(Input records)
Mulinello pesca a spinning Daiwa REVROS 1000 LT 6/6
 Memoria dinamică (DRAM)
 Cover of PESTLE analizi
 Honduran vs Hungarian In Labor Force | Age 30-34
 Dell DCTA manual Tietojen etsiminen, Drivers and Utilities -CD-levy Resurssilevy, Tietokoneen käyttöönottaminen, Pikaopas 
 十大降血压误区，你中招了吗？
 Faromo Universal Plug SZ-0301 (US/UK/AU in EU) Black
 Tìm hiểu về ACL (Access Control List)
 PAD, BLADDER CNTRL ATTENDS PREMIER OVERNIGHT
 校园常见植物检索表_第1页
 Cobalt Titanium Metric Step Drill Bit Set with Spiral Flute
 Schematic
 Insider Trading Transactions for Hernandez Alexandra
(End Input records)
→ **Aim of the task**
Nothing but the lines from the one containing "校园常见植物检索表_第1页" through the end of the material should appear; please return them exactly.

→ **Final answer**
 校园常见植物检索表_第1页
 Cobalt Titanium Metric Step Drill Bit Set with Spiral Flute
 Schematic
 Insider Trading Transactions for Hernandez Alexandra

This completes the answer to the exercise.